- Provided records:
· · · ·

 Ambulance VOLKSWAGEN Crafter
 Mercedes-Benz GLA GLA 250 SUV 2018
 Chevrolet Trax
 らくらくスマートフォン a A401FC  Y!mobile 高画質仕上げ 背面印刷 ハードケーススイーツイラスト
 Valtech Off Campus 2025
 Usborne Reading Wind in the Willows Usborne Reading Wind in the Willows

· · · ·

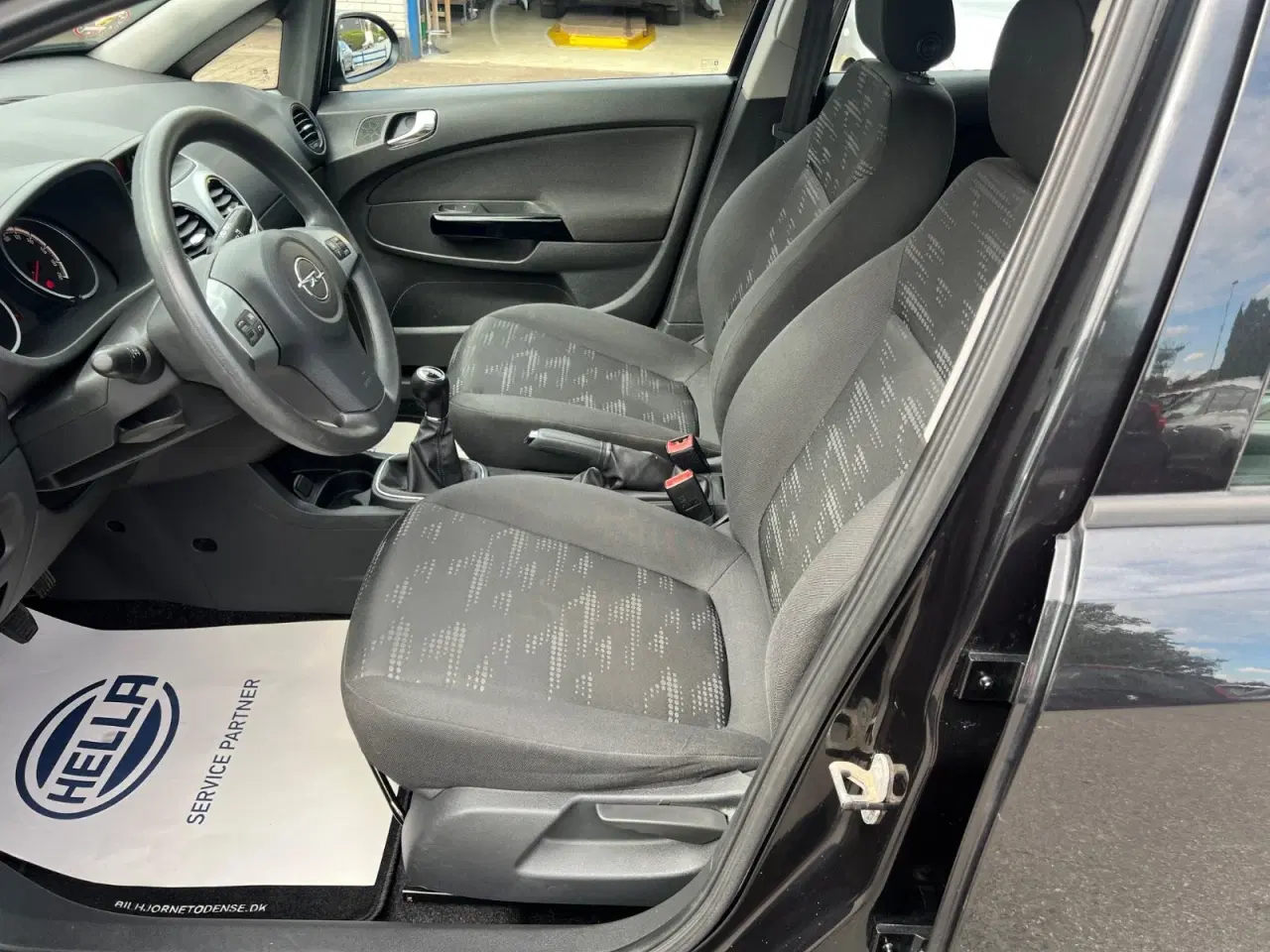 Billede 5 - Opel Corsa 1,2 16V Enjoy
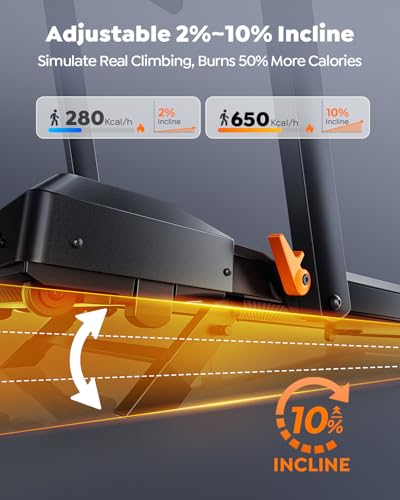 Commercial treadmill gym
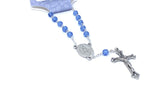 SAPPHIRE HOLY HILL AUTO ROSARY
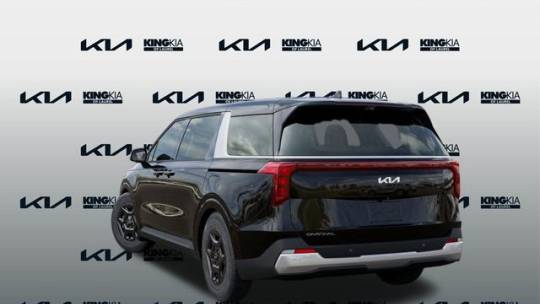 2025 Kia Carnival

· · · ·

- How to complete this task: Your answer should be the lines above from the one containing "Ambulance VOLKSWAGEN Crafter" through the one containing "Usborne Reading Wind in the Willows Usborne", copied exactly and with both ends kept.

- Answer for this exercise:
 Ambulance VOLKSWAGEN Crafter
 Mercedes-Benz GLA GLA 250 SUV 2018
 Chevrolet Trax
 らくらくスマートフォン a A401FC  Y!mobile 高画質仕上げ 背面印刷 ハードケーススイーツイラスト
 Valtech Off Campus 2025
 Usborne Reading Wind in the Willows Usborne Reading Wind in the Willows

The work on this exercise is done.